What is self centered and self absorbed is putting misguided notions of “craftsmanship” and maintainability over business needs.
If you can’t see that writing readable code is part of the means to that end, I don’t know what to tell you. If nobody can maintain the codebase because it’s a mess of spaghetti logic and 20-deep dependency trees (I’m looking at you, every JavaScript project I’ve ever seen), the end product is going to suffer while also making every single engineer working on it want to leave.
This is not a controversial take in professional software development.
Funny, it sure seems like “maintainability should not be a priority” is a pretty controversial take to me.
I think vzq’s point is that you can write good, readable code that doesn’t do what the user wants. Same with other metrics that are ripe for navel-gazing like code coverage.
It’s bordering on a false dichotomy… but I also believe that dynamic, untyped languages have proven exceptionally useful for rapid prototyping and iteration.
I must admit that I write that deliberately to annoy the “code quality is everything” brigade.
I have no issues prioritizing maintainability where needed, but in my experience people that dogmatically prioritize code quality are not honest with themselves. They almost never chase code quality in general. They are always looking to enforce some burdensome standard or specific tool or archaic process or fiddly CICD script, and if you push back they go cry in a corner about the abstract virtue of “code quality”.

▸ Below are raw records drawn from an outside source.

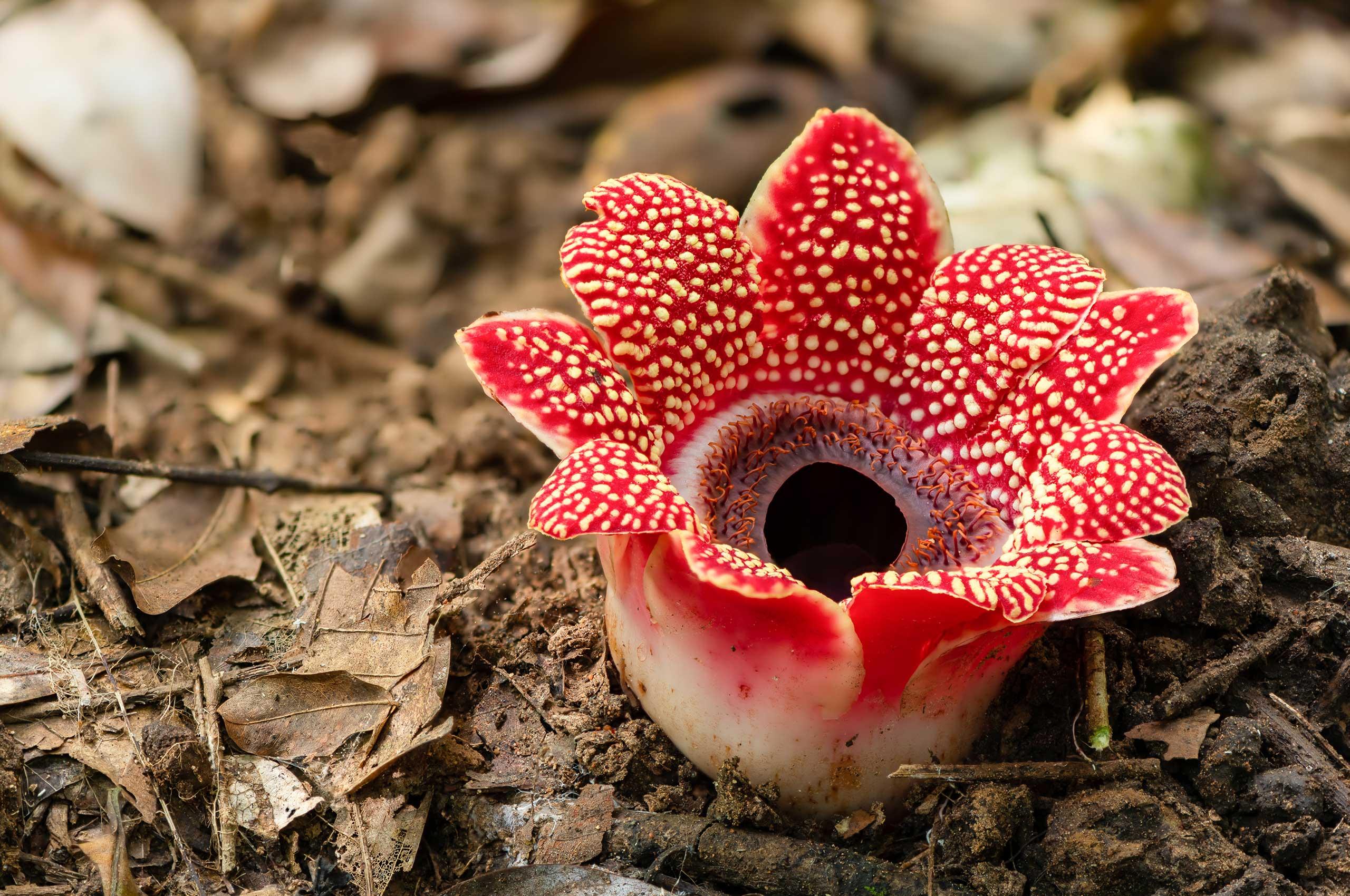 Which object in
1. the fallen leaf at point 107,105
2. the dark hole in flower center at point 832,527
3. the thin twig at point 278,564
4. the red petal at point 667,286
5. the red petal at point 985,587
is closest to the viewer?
the red petal at point 985,587

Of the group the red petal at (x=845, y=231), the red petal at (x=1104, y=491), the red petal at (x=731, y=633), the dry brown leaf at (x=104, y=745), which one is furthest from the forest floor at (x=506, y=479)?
the red petal at (x=845, y=231)

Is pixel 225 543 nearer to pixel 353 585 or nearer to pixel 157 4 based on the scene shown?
pixel 353 585

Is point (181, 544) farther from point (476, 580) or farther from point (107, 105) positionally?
point (107, 105)

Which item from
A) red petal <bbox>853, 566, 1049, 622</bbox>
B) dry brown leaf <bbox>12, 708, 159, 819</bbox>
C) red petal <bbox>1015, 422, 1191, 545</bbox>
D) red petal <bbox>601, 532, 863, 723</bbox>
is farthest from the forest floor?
red petal <bbox>853, 566, 1049, 622</bbox>

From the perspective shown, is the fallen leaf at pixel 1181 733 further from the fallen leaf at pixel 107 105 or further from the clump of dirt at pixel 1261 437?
the fallen leaf at pixel 107 105

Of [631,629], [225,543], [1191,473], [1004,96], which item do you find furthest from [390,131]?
[1191,473]

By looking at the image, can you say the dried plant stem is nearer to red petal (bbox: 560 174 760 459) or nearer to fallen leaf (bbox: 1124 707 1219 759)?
red petal (bbox: 560 174 760 459)

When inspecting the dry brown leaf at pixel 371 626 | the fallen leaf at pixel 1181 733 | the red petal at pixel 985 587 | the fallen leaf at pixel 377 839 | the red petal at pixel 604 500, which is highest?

Just be straight with me. You enjoy using type script. Tell me how it adds value to the product and the customer.
Stop trying to shame me into it. I can’t be shamed. I have no shame. I’m a professional software engineer.
You’re setting up a theoretically boogie man that no one said exists and then setup the extreme opposite point of view. You’re annoying the people that are actually sane. You’re being dogmatic in your one views and too extreme.
maintainability is arguably not a value-added for the end user. But still absolutely important. Robustness of code is arguably not visible to an end-user, until it fails. And that’s very important. Features are great, but quality is still important and is basically the mortar between the bricks that are features. Only caring about features leads to poorly written applications.
Less chance of security vulnerabilities, breaches, less bugs fixed more permanently, faster features, etc
Those things all sound like value adds for the end user…
Expect to see more posts like this. With a few projects announcing they’re dropping support for TypeScript we’re going to have developers worrying that this tech that they’ve sunk so much time into is suddenly becoming obsolete, so they’re going to evangelise hard in favour of it as a defence strategy. Same thing happened when Perl went out of flavour.
I’ve seen so many front-end libraries come and go over the 25 years I’ve been doing this. Be good at programming in general, and you can usually hop on board the incoming train pretty easily and hop off again before it goes off a cliff. You can’t really get too attached to anything in an ever changing industry.